What this task involves: Copy every line of the following data that includes the string "show".

Data for the task:

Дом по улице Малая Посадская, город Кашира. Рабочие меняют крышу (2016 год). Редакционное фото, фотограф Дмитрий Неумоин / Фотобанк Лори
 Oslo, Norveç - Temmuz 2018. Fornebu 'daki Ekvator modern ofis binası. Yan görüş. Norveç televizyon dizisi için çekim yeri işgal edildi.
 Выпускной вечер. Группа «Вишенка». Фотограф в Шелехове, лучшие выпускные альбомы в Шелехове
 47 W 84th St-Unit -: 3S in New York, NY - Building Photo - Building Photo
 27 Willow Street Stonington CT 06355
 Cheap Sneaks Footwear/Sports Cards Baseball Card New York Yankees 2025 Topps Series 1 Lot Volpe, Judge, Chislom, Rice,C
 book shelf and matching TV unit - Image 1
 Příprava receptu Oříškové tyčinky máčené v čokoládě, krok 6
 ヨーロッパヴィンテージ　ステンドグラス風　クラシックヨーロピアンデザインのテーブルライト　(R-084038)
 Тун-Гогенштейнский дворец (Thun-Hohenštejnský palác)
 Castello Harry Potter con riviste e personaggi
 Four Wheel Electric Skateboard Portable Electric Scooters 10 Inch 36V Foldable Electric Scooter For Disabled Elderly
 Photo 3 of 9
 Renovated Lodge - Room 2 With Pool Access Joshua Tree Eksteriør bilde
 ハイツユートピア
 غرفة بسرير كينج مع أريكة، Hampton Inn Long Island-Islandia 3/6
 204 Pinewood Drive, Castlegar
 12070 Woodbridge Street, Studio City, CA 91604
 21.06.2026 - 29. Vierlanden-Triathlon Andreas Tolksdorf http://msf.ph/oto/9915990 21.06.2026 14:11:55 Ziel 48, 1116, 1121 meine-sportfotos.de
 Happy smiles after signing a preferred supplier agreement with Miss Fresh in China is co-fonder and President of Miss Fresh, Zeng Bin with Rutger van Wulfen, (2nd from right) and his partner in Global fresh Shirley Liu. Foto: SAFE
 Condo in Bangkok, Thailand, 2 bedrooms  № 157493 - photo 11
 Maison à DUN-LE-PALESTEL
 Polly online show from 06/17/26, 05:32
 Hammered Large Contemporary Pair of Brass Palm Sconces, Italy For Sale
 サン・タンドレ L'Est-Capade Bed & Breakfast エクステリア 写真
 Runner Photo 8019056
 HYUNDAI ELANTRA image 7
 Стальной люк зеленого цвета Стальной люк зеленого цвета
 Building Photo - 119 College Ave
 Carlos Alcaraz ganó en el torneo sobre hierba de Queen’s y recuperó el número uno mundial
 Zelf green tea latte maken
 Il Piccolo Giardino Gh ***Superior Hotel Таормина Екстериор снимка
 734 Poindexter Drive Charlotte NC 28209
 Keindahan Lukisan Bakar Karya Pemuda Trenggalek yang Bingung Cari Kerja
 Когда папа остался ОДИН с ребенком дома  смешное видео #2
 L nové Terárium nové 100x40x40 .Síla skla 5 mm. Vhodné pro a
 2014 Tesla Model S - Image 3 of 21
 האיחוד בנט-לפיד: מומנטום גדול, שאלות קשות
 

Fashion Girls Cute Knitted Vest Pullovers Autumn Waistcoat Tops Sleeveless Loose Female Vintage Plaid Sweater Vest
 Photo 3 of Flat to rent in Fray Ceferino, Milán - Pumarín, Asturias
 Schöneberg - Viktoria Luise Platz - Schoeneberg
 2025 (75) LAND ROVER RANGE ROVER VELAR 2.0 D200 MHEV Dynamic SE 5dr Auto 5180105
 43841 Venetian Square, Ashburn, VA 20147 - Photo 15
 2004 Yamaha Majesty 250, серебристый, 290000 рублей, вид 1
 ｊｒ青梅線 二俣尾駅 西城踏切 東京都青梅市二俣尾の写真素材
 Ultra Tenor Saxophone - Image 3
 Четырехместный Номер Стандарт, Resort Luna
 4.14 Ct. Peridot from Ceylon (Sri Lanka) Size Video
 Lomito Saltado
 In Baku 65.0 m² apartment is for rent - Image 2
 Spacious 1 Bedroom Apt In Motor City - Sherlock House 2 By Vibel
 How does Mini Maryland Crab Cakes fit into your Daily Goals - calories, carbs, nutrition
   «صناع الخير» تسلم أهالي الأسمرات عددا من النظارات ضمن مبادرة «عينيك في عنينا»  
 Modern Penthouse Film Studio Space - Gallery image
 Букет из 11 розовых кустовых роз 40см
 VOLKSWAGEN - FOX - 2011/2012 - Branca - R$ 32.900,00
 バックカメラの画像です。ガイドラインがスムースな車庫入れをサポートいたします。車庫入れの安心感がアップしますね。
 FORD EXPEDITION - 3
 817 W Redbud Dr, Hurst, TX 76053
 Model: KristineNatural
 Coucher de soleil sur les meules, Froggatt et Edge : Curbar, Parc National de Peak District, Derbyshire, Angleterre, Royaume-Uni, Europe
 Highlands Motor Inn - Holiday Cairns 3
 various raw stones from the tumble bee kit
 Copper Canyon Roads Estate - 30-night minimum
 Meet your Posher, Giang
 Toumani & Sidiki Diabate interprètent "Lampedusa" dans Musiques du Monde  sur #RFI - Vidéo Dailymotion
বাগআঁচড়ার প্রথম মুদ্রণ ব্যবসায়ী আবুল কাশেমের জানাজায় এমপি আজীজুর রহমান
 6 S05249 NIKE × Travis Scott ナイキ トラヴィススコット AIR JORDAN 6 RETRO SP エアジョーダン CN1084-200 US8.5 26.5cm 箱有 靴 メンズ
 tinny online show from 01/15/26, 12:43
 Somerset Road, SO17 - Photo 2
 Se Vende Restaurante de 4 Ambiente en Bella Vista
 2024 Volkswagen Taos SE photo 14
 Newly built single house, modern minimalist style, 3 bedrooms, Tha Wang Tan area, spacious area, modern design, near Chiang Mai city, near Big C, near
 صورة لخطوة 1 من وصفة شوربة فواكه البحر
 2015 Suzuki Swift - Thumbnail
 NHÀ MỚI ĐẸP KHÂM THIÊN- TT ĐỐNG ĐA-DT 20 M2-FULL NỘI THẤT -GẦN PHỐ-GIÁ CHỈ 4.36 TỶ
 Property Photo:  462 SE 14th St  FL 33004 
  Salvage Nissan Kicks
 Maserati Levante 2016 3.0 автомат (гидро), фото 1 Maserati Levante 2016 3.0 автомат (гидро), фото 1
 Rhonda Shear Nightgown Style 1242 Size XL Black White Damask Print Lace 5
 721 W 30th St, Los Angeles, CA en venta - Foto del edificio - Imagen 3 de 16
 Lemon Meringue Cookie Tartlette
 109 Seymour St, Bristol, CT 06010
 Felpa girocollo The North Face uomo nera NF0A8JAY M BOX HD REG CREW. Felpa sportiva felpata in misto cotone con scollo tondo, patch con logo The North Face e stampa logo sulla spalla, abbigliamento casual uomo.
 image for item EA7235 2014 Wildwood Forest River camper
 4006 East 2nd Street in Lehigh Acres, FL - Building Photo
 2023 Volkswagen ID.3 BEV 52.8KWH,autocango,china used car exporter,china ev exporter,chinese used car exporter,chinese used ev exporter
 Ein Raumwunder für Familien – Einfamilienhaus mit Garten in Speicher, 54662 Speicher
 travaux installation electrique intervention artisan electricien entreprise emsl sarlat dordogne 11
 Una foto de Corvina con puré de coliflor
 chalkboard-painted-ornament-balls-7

Result for this task:
 Polly online show from 06/17/26, 05:32
 tinny online show from 01/15/26, 12:43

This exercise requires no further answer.